8-Hour Review: Ni No Kuni: Wrath of the White Witch (PS3)

Ni No Kuni has finally arrived, presenting us with the story of a young child destined to be a hero.

I would like to start out by saying that I almost always despise games that feature young children as the protagonist. There have only been a few exceptions… and luckily enough, this is one of them. This game takes what is typically a major hurdle or weakness and turns it into an asset. Oliver is a charming and delightful hero, and the banter between him and his companion Drippy the ‘Lord High Lord of the Fairies’ helps to add a bit of levity to this rather serious story. The almost-overwhelming number of puns also serve to provide some additional humour.

While the story and characters are certainly a positive element to this adorable jrpg, what really helps to catch your attention and get you hooked to this game right away is, well, Pokemon. I think this may be a big part of what helps to make this game’s child hero work as well…. the combat isn’t limited to what a child could do – you have familiars who do your fighting for you. This serves two purposes… it provides endless variety once you get past the first few hours and get the ability to tame familiars, and it makes the game so adorable that it is almost overflowing with cuteness. The familiar Oliver conjures to begin with is a nice little hero variant of himself that I lovingly named Stabby.

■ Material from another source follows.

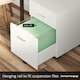 image 3 of Vinsetto 2-Drawer Locking Office Filing Cabinet 5 Wheels Rolling Storage White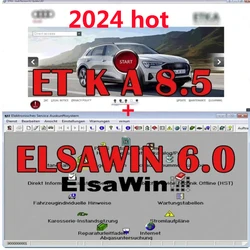 2024 hot Elsawin 6.0+ET KA 8.5 Group Vehicles Electronic Parts Catalog Support ForV/W+AU//DI+SE//AT+SKO//DA Auto Repair Software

Stabby and I have been on many adventures, and it has only made us closer – so much so that he has metamorphosed(the game’s word for ‘evolve’) to his second form, but he is still my Stabby. And, in all honesty, the attachment you develop for your familiars will keep you playing, and having fun.

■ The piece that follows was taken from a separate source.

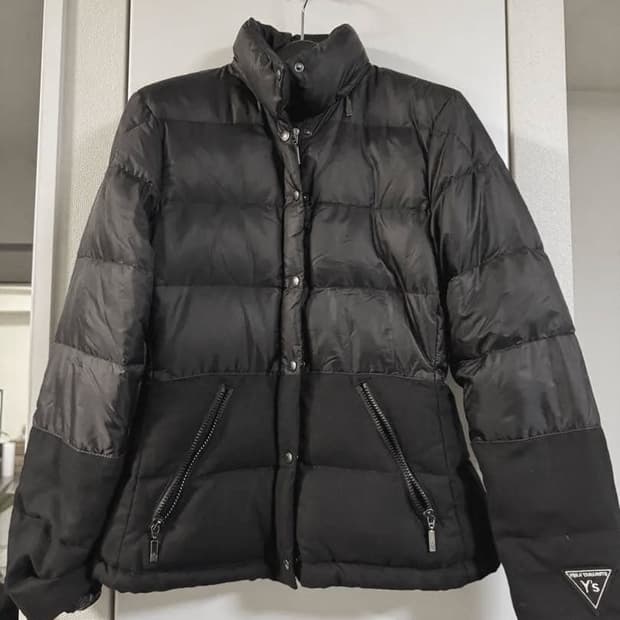 요지 야마모토 x 몽클레어 블랙 다운자켓 레이디스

Now, this game is animated by Studio Ghibli so you know that the animations, graphics, and sound can be nothing less than fantastic… and I just have to say – why has it taken this long for someone to get them to animate a game? I mean, seriously… this is one of the best looking games I’ve ever seen. And the Studio Ghibli art style really does shine through in every aspect of the first few hours of the game at least.

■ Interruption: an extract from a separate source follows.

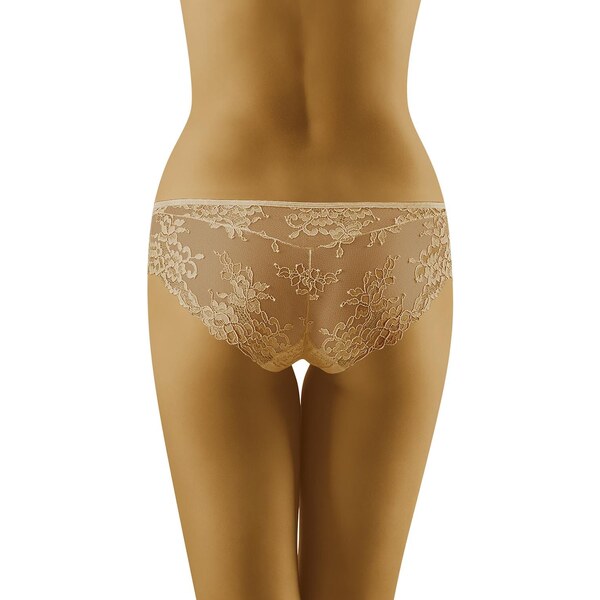 Wol-Bar Nohavičky čipkované Lola béžové, Farba béžová 20151069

Everything’s not all peachy keen however… the game does feature some rather odd difficulty spikes(when you defeat one boss and step outside, you’ll be immediately met by regular enemies that are almost as challenging as the boss was). This can seem somewhat disjointing, and can make the game feel less than perfectly polished. Additionally, and most frustratingly, when you successfully craft an item by experimenting, it doesn’t update your list of ‘formulas’ and as such you are unable to re-create the item unless you remember the exact random series of items you used.

The only other thing I’ve found annoying over the course of these early hours is just how slow the progression of features is. You go hours before you get a second familiar, then you go hours before you have a second party member, and then hours until you can tame, and then hours until this… etc. The pace of feature unlocks is just crawling. It makes the game feel much longer than it is because these early hours feel like a giant tutorial despite being actually a part of the game.

That being said, the game does overcome these flaws through tongue-in-cheek humour, adorable creatures, gorgeous animations and music, etc… at least enough to get you hooked. And, after all, that’s what matters in the first 8 hours of a game right? Getting you to love it enough to keep going. So I’m going to return to my Stabby, and finish it so I can present you with a proper review, sound good?